How has focusing on your own leadership changed the way you lead in your work? There was one experience in these past six months in which I was completing the rim to rim to rim with the Project Athena group. I was walking out of the south rim next to Robyn Benincasa, author of How Winning Works. We talked about how I did not want to return to the south rim and how I wanted to finish strong and feeling good on the north rim with a rim to rim completion, despite having signed up and trained for the rim to rim to rim. I did not want do the last part because I was concerned I might need help, and sure enough, I did. For twenty minutes, someone carried my pack for me as I was getting dizzy in the 115 degree heat the sunny August day. I was able to recover and get my pack back by the time Robyn gave me some profound lessons. Her conversation about being a global adventure racer with a team meant that the team supported each other. All members needed to cross the finish line or they were disqualified. She talked about not being the strongest person on the team, and when she was pulling one her guy team mates, she knew they were not winning, but they were still making progress. The making progress and asking for help where critical elements for me in my ability as a leader to be able to ask for help and not see it as a weakness. She went on to say that if you do not ask for help as a leader when you need it, it could be detrimental to the team and take you out of the race. The application of that to my work space resonated quite well. She also stated she was glad I pushed and completed as we do not grow in our comfort zones. I have never judged giving someone help. I went into a helping profession intentionally. I have however, always been concerned about being judged as weak if I needed help. Brene Brown was instrumental in that lesson as well with her works on vulnerability. In my own work, the change had been asking for help and allowing others to provide help. Allowing others to take over a project while I was out of the country for two months. It has also allowed me to delegate some tasks that allowed some staff members to stretch and grow to complete them. As a leader, establishing a successor and training him to do a portion of my job while I was gone and trusting and letting him perform it and offer me help upon return was a significant departure from my previous, I have to do everything mentality.

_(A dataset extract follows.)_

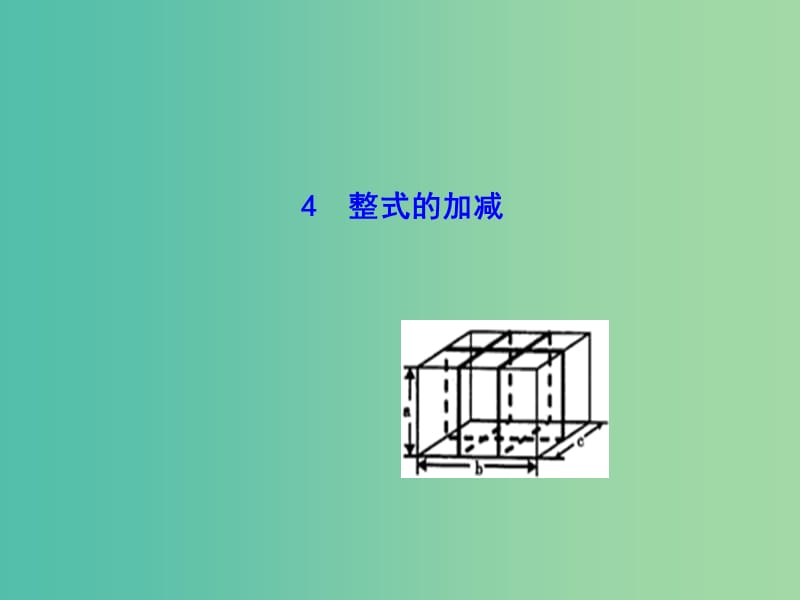 七年级数学上册 3.4.4 整式的加减课件 （新版）华东师大版.ppt_第1页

How do you now view the role of self-care in sustaining your ability to lead? When I first started this fellowship journey, I was doing a lot of physical activity to stay physically healthy. Through the fellowship, that self-care grew immensely with the experiences of the ten day silent retreat, the physical challenge of the Grand Canyon rim to rim to rim and the ability to take a significant time away from work to learn and be reflective about my journey. All of these events, especially the time away, culminated in really significant ways. The time away allowed me sufficient time to detach from work and to evaluate even more about my role and personal purpose. It gave me an opportunity to experience life without the constant demands of the high pressured work place demands I was used to. In the distant and reflective space I became increasingly aware of my what I truly wanted to do and the time needed to mental prepare for such a transition. Without the self-care of these three significant lessons, mindfulness at the retreat, time spent in physical training and a trip to a foreign country, I do not think I would have become as aware and may have continued to live life in an auto pilot kind of way. The self-care that I have gone through, in rather extreme ways, has allowed me to be more reflective, calm, level-headed and to work with my staff even more patiently. I was calmer about problem solving issues and allowing others to puzzle through scenarios without chiming in to resolve it for them. I have a deeper sense of calm, meaning as well as optimism. I have learned more of the art of being present in the moment without stress of past or future concerns and that has allowed me reframe staff concerns so that they too can become calmer in addressing the issues at hand.